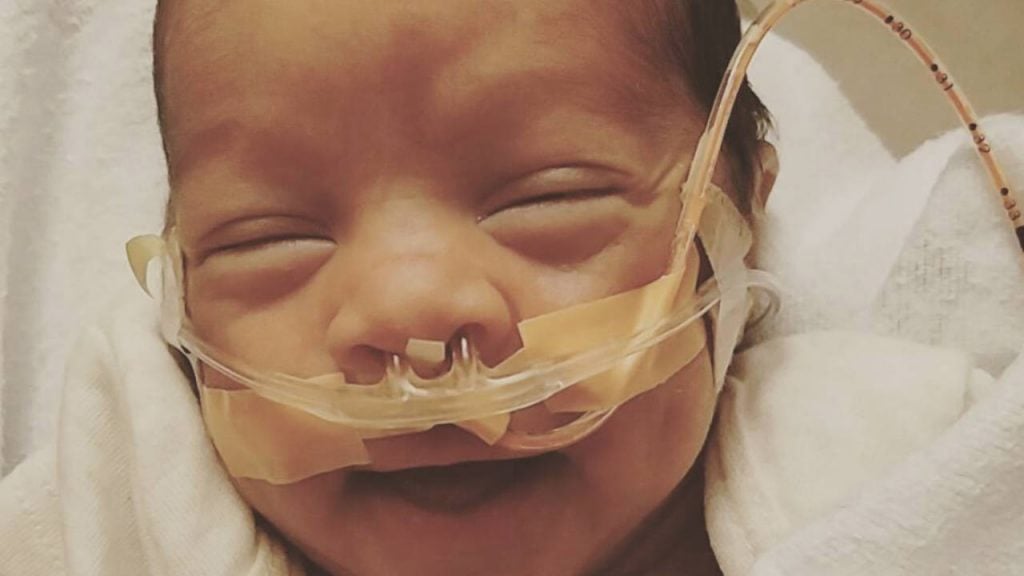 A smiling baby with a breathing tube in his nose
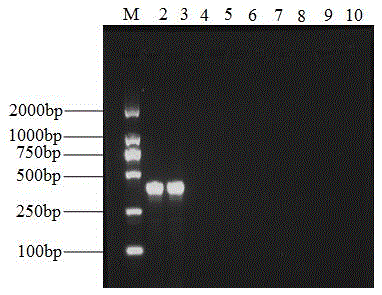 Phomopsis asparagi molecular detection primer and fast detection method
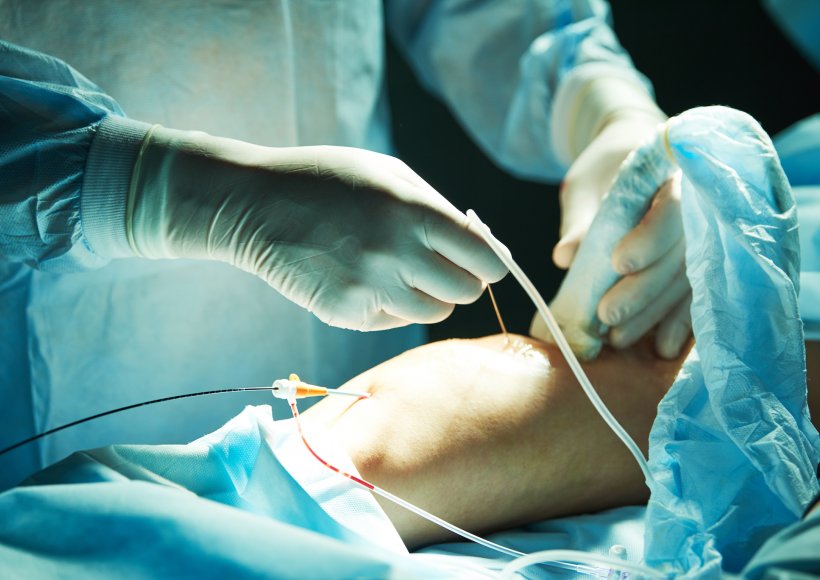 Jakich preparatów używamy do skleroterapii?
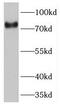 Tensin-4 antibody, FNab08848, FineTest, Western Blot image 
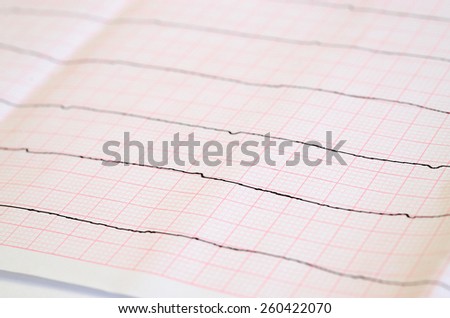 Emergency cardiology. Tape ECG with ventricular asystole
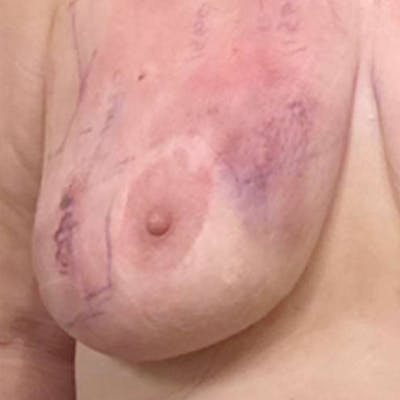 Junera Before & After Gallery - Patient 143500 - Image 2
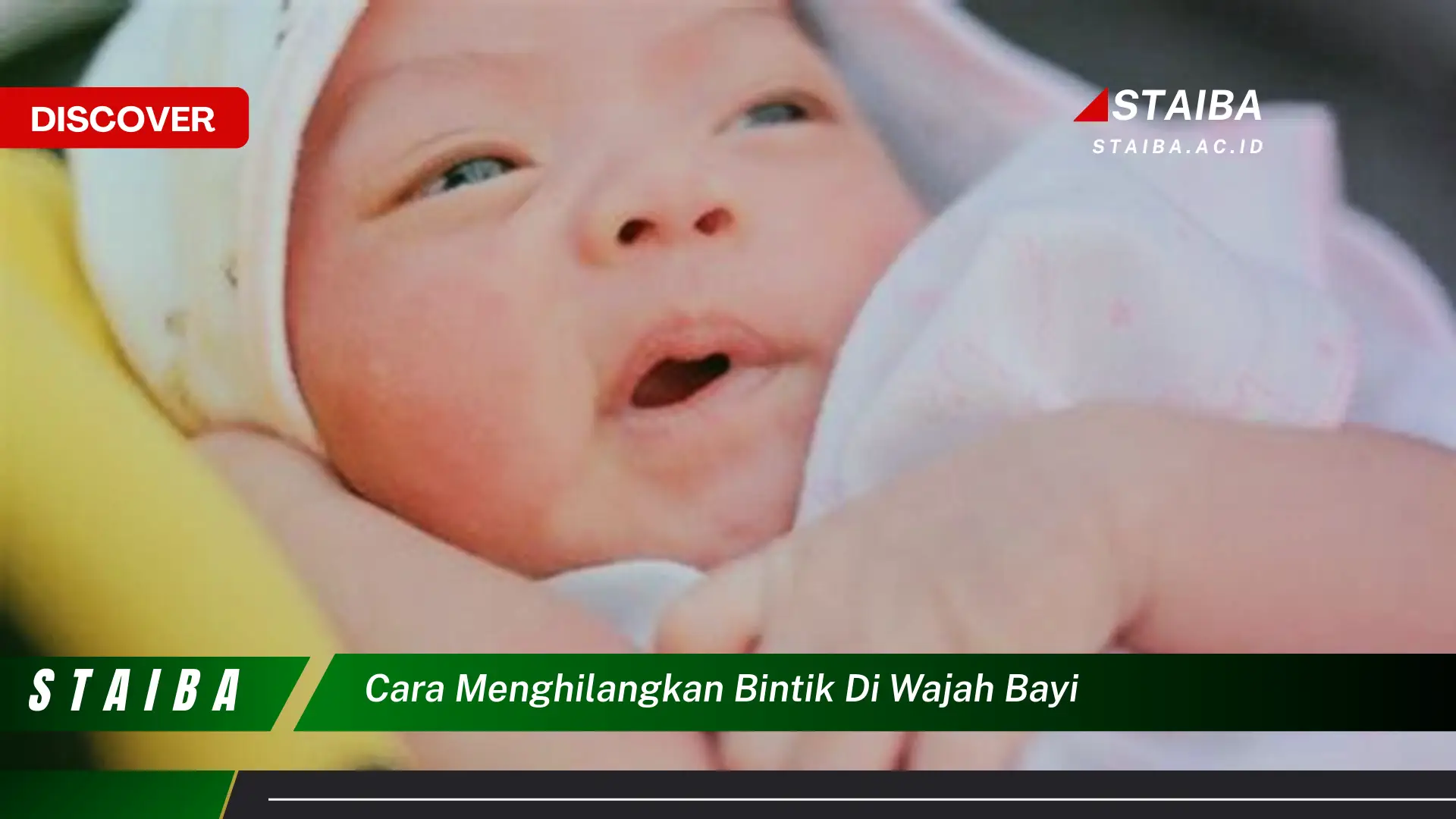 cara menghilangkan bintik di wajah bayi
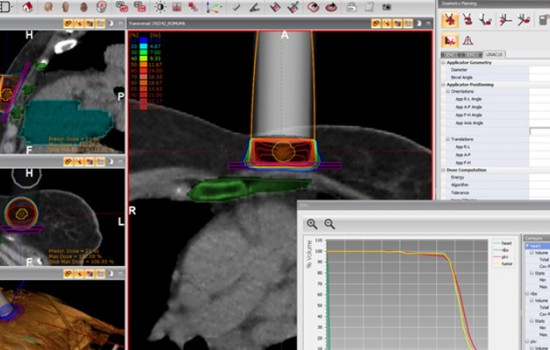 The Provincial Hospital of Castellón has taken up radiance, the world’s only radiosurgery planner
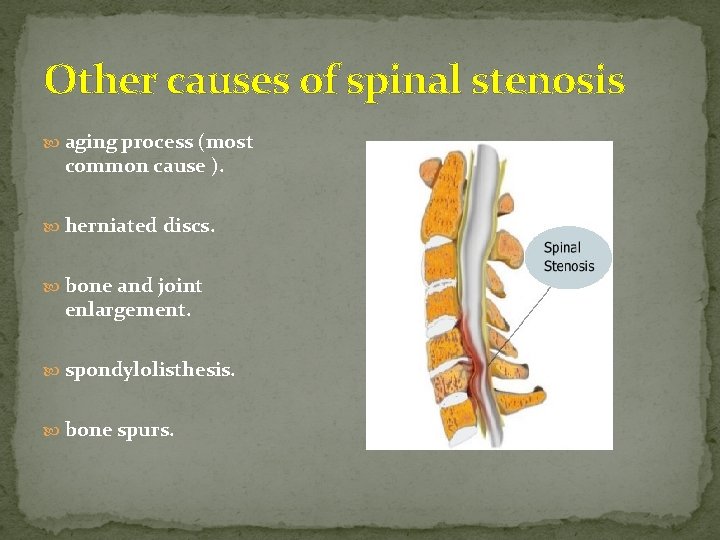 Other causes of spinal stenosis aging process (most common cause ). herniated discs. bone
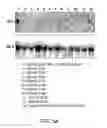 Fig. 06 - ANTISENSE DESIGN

▶ **TASK TO CARRY OUT**: Output the data exactly. Pictures don't belong in the result.

▶ **ANSWER**:
 A smiling baby with a breathing tube in his nose
 Phomopsis asparagi molecular detection primer and fast detection method
 Jakich preparatów używamy do skleroterapii?
 Tensin-4 antibody, FNab08848, FineTest, Western Blot image 
 Emergency cardiology. Tape ECG with ventricular asystole
 Junera Before & After Gallery - Patient 143500 - Image 2
 cara menghilangkan bintik di wajah bayi
 The Provincial Hospital of Castellón has taken up radiance, the world’s only radiosurgery planner
 Other causes of spinal stenosis aging process (most common cause ). herniated discs. bone
 Fig. 06 - ANTISENSE DESIGN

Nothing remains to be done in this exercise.